After analyzing each column, we can conclude that the following features need to be removed:

• id: randomly generated field by Lending Club for unique identification purposes only
• member_id: also a randomly generated field by Lending Club for unique identification purposes only
• funded_amnt: leaks data from the future (after the loan is already started to be funded)
• funded_amnt_inv: also leaks data from the future (after the loan is already started to be funded)
• grade: contains redundant information as the interest rate column (int_rate)
• sub_grade: also contains redundant information as the interest rate column (int_rate)
• emp_title: requires other data and a lot of processing to potentially be useful
• issue_d: leaks data from the future (after the loan is already completed funded)

Recall that Lending Club assigns a grade and a sub-grade based on the borrower's interest rate. While the grade and sub_grade values are categorical, the int_rate column contains continuous values, which are better suited for machine learning.

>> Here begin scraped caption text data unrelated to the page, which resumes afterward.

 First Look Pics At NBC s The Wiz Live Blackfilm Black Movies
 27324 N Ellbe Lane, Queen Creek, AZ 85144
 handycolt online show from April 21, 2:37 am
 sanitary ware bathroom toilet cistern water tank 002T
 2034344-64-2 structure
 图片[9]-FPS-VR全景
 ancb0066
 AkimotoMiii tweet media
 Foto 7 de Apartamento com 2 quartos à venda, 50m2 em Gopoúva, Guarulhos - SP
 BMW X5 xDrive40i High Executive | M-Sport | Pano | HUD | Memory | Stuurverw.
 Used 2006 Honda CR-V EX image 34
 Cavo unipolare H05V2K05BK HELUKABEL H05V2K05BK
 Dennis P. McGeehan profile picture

Let's now drop these columns from the Dataframe before moving onto the next group of columns.

Instructions

Use the Dataframe method drop to remove the following columns from theloans_2007 Dataframe:

• id
• member_id
• funded_amnt
• funded_amnt_inv
• grade
• sub_grade
• emp_title
• issue_d

loans_2007 = loans_2007.drop(["id", "member_id", "funded_amnt", "funded_amnt_inv", "grade", "sub_grade", "emp_title", "issue_d"], axis=1)

 

5: Second Group Of Features
Let's now look at the next 18 columns:

name    dtype    first value    description
title    object    Computer    The loan title provided by the borrower
zip_code    object    860xx    The first 3 numbers of the zip code provided by the borrower in the loan application.
addr_state    object    AZ    The state provided by the borrower in the loan application
dti    float64    27.65    A ratio calculated using the borrower’s total monthly debt payments on the total debt obligations, excluding mortgage and the requested LC loan, divided by the borrower’s self-reported monthly income.
delinq_2yrs    float64    0    The number of 30+ days past-due incidences of delinquency in the borrower's credit file for the past 2 years
earliest_cr_line    object    Jan-1985    The month the borrower's earliest reported credit line was opened
inq_last_6mths    float64    1    The number of inquiries in past 6 months (excluding auto and mortgage inquiries)
open_acc    float64    3    The number of open credit lines in the borrower's credit file.
pub_rec    float64    0    Number of derogatory public records
revol_bal    float64    13648    Total credit revolving balance
revol_util    object    83.7%    Revolving line utilization rate, or the amount of credit the borrower is using relative to all available revolving credit.
total_acc    float64    9    The total number of credit lines currently in the borrower's credit file
initial_list_status    object    f    The initial listing status of the loan. Possible values are – W, F
out_prncp    float64    0    Remaining outstanding principal for total amount funded
out_prncp_inv    float64    0    Remaining outstanding principal for portion of total amount funded by investors
total_pymnt    float64    5863.16    Payments received to date for total amount funded
total_pymnt_inv    float64    5833.84    Payments received to date for portion of total amount funded by investors
total_rec_prncp    float64    5000    Principal received to date
Within this group of columns, we need to drop the following columns:

zip_code: redundant with the addr_state column since only the first 3 digits of the 5 digit zip code are visible (which only can be used to identify the state the borrower lives in)
out_prncp: leaks data from the future, (after the loan already started to be paid off)
out_prncp_inv: also leaks data from the future, (after the loan already started to be paid off)
total_pymnt: also leaks data from the future, (after the loan already started to be paid off)
total_pymnt_inv: also leaks data from the future, (after the loan already started to be paid off)
total_rec_prncp: also leaks data from the future, (after the loan already started to be paid off)
The out_prncp and out_prncp_inv both describe the outstanding principal amount for a loan, which is the remaining amount the borrower still owes. These 2 columns as well as the total_pymnt column describe properties of the loan after it's fully funded and started to be paid off. This information isn't available to an investor before the loan is fully funded and we don't want to include it in our model.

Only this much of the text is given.